The MTA History Project has been collecting information on past strikes by MTA locals to help answer those questions. We will share that information through an interactive, web-based timeline in the coming months. Here is a preview of some of the information we have collected.
- There have been 55 strikes by MTA locals over the past 55 years, distributed unevenly in ebbs and flows. The peak year was 1987, when 10 locals went on strike.
- Strike activity was heavy from 1980 through 1995, with 33 strikes in 16 years. Much of this period coincided with a sharp drop in school funding as a result of Proposition 2½, the property tax cutting measure approved by voters in 1980. That approval led to widespread layoffs, school closures and downward pressure on salaries.
- Strike activity was very low from 1996 to 2019. There were only three strikes in that 23-year-period. One factor was that state funding for public schools increased significantly after two MTA-backed measures — a lawsuit and a funding bill — yielded results in 1993. In response to a lawsuit by the Council for Fair School Finance, the state’s highest court ruled that year that the Legislature wasn’t meeting its constitutional obligation to adequately fund public education. Shortly after the ruling, the Legislature passed the Education Reform Act, an omnibus law that significantly increased state funding for public education, especially for low-income districts.
- Strikes are usually, at least in part, about salaries and benefits, but often also about language pertaining to terms and conditions of employment, such as winning preparation periods, honoring seniority in reductions in force and implementing more productive evaluation systems. For example, following the Somerville strike of 1972, elementary teachers finally secured preparation time, though it was just for one period, on one day a month.
- MTA members have long made the case that student learning conditions are educator working conditions and therefore subject to bargaining, leading members to seek limits on class sizes and more resources for students. In a strike in Attleboro in 1986, for example, the members demanded new and better textbooks, noting that one still in use predicted that “man would land on the moon one day.” The Apollo 11 moon landing had occurred 17 years earlier. Student learning conditions are still a top concern. Recent strikes have focused on the need for more staff to address students’ increased social and emotional needs.
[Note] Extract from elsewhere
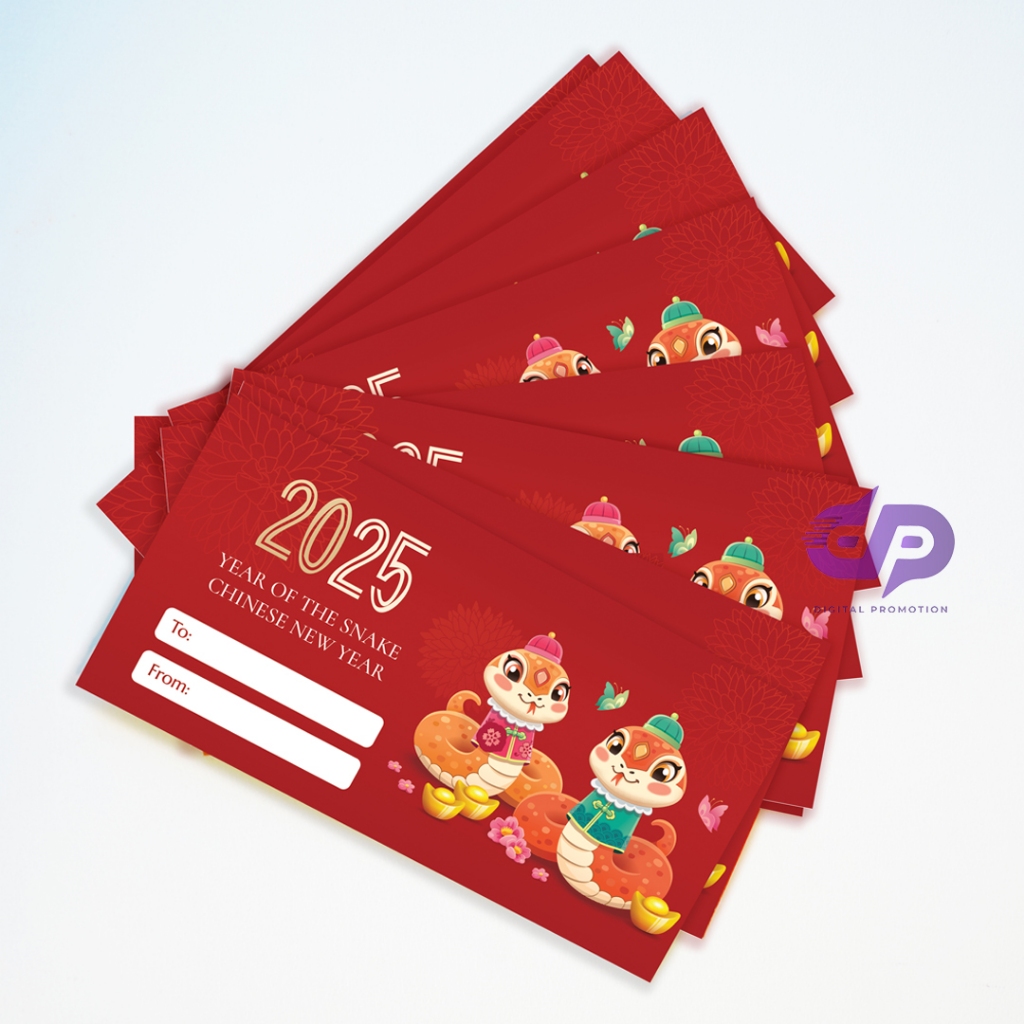 

Sticker Imlek Couple 10 pcs | Sticker Imlek premium | Sticker label Imlek | Sticker hampers Imlek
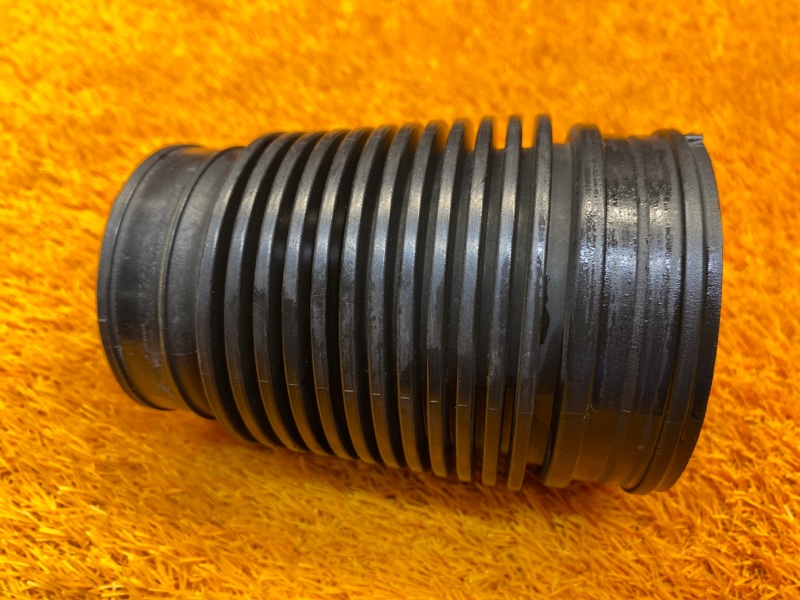 патрубок воздушного фильтра, 500 рублей, Красноярск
- A feature of recent strikes is that student living conditions are also on the table, a trend called “bargaining for the common good.” An example of this is the Malden Education Association strike of 2022, when the MEA pressed the district to commit to a plan to address housing insecurity.
- Another focus of recent strikes, that was rarely present in earlier decades, has been boosting the pay and benefits of paraeducators and other Education Support Professionals. These are often characterized as “living wage” campaigns. In the early years, ESPs were not always unionized; if they were, they were not always affiliated with the MTA. There has been a growing awareness of the important role they play in education, especially as students’ social, emotional and academic needs have grown.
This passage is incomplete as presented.